The study of Native American culture history from earliest times to European-contact. Weekly hands-on artifact studies, ancient technology demonstrations, site field trips, and public interactive preservation programs high-light the course. The class meets on Thursday nights at Signal Hill.

HIS 199 Historic Preservation Internship, Prof. Doug Campbell (Core Course)

This course is designed to give you practical experience in the field of historic preservation by allowing you to work as an intern at a historic site, museum, historical society, government agency, or other site relevant to historic preservation. At the end of the semester, you will have produced an internship portfolio documenting the work you have done and the experience you have gained, suitable for use in job applications in the historic preservation field. All sites for the internship must be pre-approved before the internship can begin, so please get in touch with me well before the start of the semester so we can get everything set up and you can hit the ground running.

HIS 205-Local History Seminar–The Journey Through Hallowed Ground, Prof. Rich Gillespie (Elective Course)
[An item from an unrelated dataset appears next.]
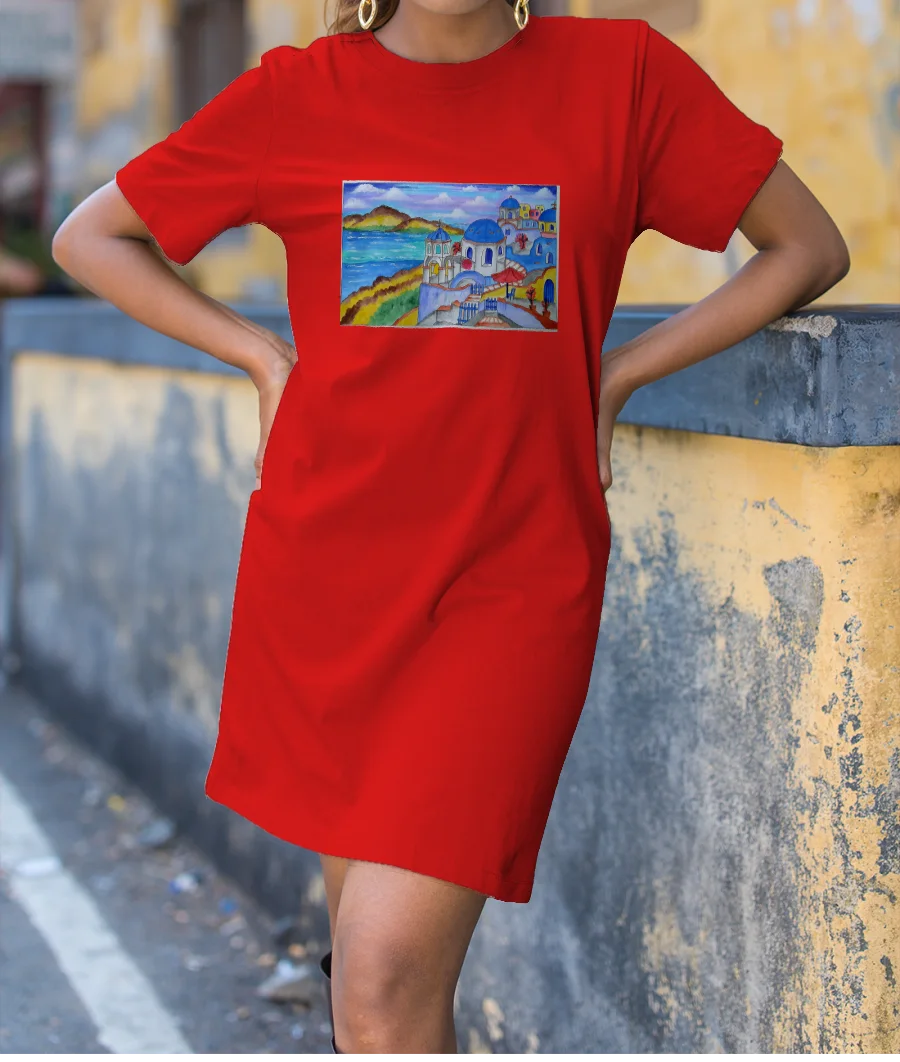 Santorini vibes  T-Shirt Dress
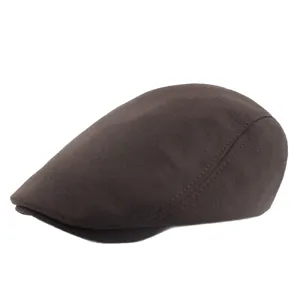 Vintage dark brown flat cap for men, stylish newsboy peaked hat for autumn travel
The Journey Through Hallowed Ground federal heritage area is a 180-mile corridor from Gettysburg to Charlottesville, and our historic region sits right in the heart of it. History 205 helps students use local historic sites in the Journey to open doors of understanding, meaning, interest, and service to families, neighbors, friends, business associates, and club and civic group members. Historic Preservation certificate students gain a more soulful feeling and sense of meaning for the historic environment in which they hope ultimately to be active as professionals, and learn new ways to view this historic landscape. NVCC students hoping to get history credits see what they’ve studied in the academic classroom come alive on the historic landscape that surrounds them. Certified Tourism Ambassadors (CTAs) get to see the Journey’s meaning and gain a passion for its historic sites. Teachers get ideas of how our historic landscape can be used to bring their classroom teaching alive.  The class meets on Wednesday nights at the Reston Center.